The trove of documents shared publicly by the company’s former research director, Christopher Wylie, illustrates that granular personal data on each of us can be used to create precise messages to any individual voter, then delivered to us through the online ecosystem over Facebook, Instagram, Google, Twitter and other free services. Such tactics have long been standard in commerce — ever noticed how ads for those nice hiking boots keep following you around the Web? — but all these tactics of manipulation are equally available to those working in largely unregulated political realms too.

Politicians hired Cambridge Analytica to use this technology to shape events in many countries across the world.
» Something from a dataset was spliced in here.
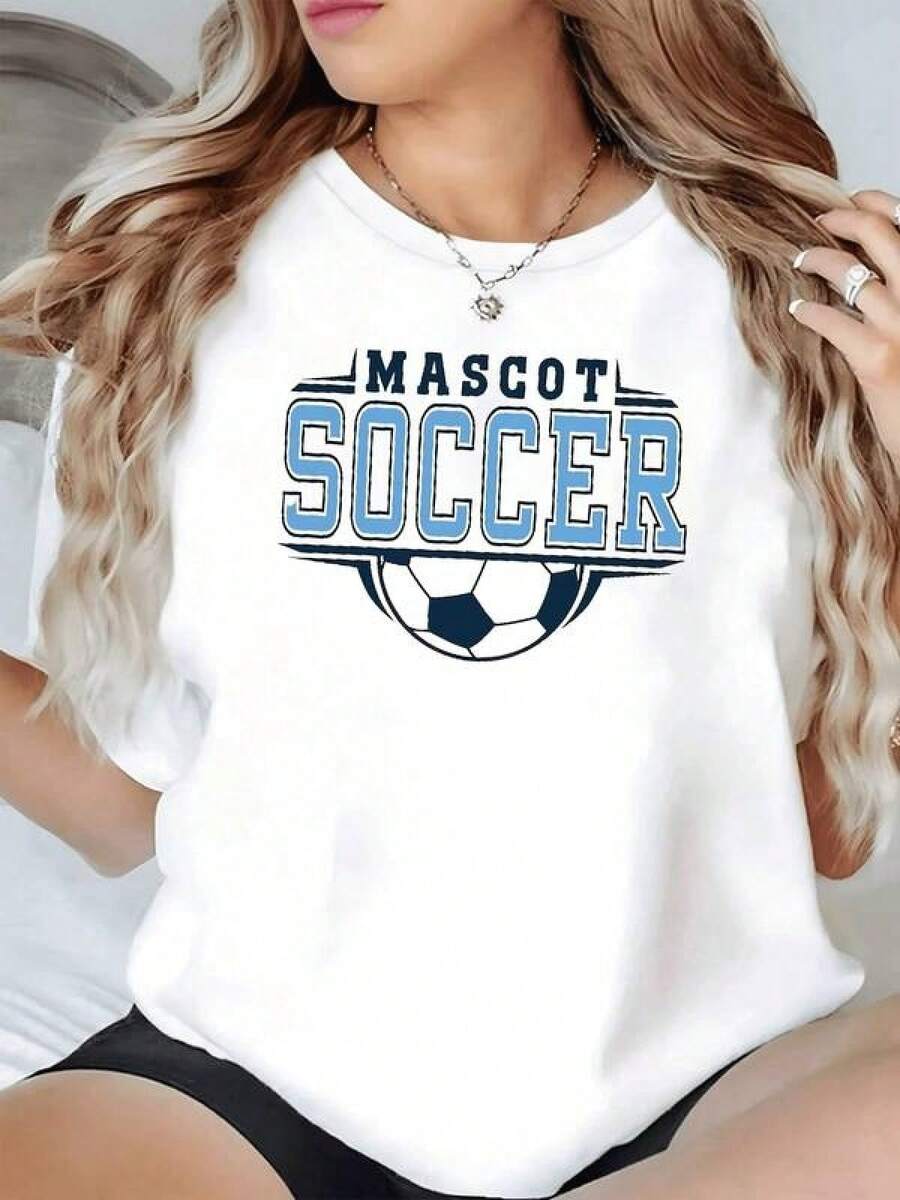 Balón y palabra Soccer en estilo deportivo con tipografía universitaria que simboliza pasión energía y orgullo por el fútbol camiseta de mujer casual cómoda para uso diario - Negro - Ver 1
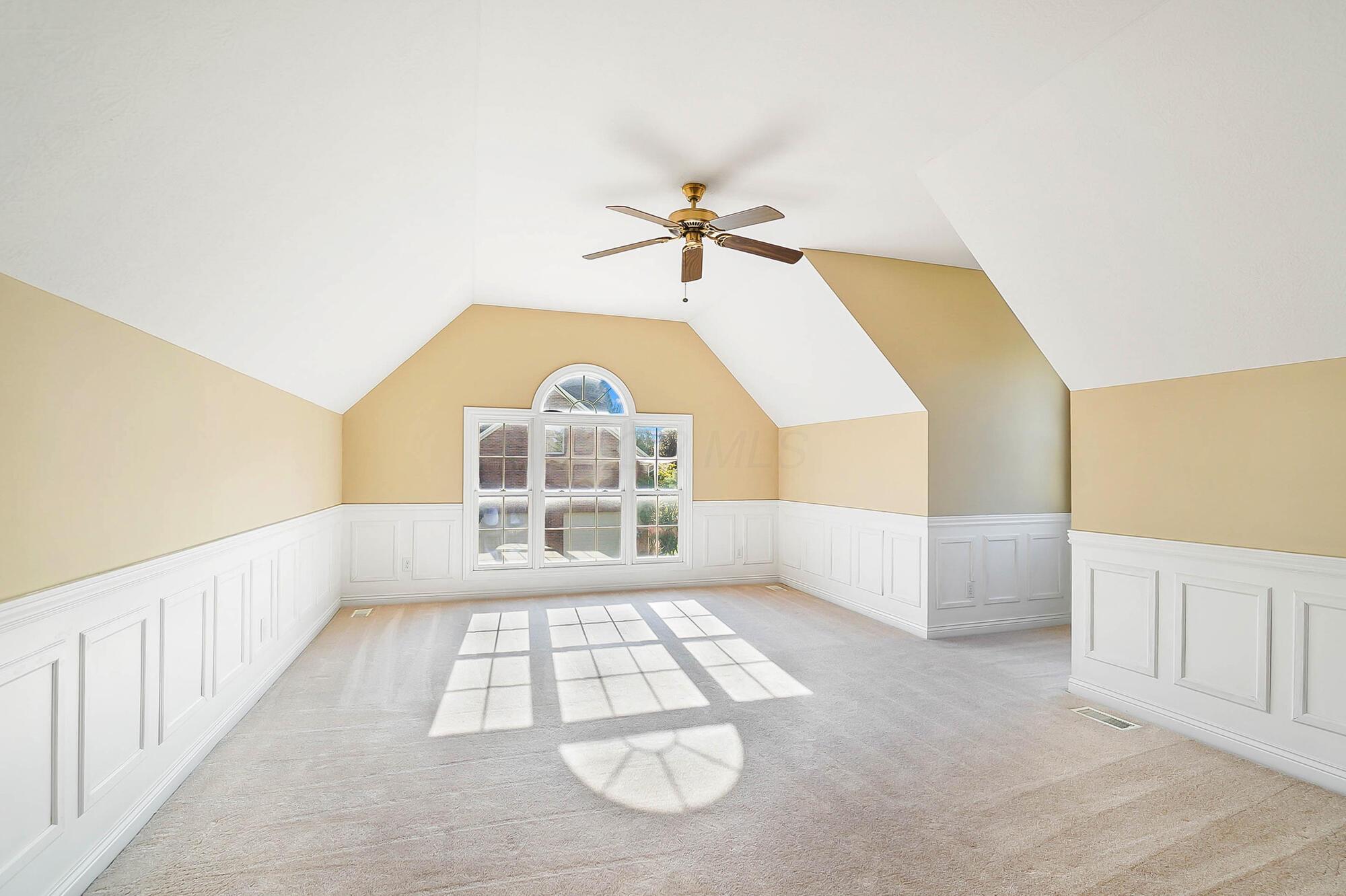 8412 Greenside Drive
That includes places, like Kenya and Nigeria, where democracy is new and fragile, and places like Britain and the United States, where there is less of an expectation of voter manipulation.

Though there has long been skepticism about whether Cambridge Analytica was as effective as it claimed, experts expect this technology to only improve, especially as artificial intelligence and virtual reality steadily grow more powerful. The era of campaign season “deep fakes” — imagine a convincing but phony clip of a politician doing something appalling — is not far off.

Even as Cambridge Analytica announced bankruptcy, regulators around the world pledged they would continue investigating the company. In the United Kingdom, the country’s top data-protection authority, the Information Commissioner’s Office, said in a statement it would “pursue individuals and directors, as appropriate and necessary even where companies may no longer be operating.”

Yet longtime watchers of these issues take little comfort in Cambridge Analytica’s decision to declare bankruptcy. Jonathan Albright, a social media analyst who has been studying the company for nearly two years, saw it as little more than a legal maneuver.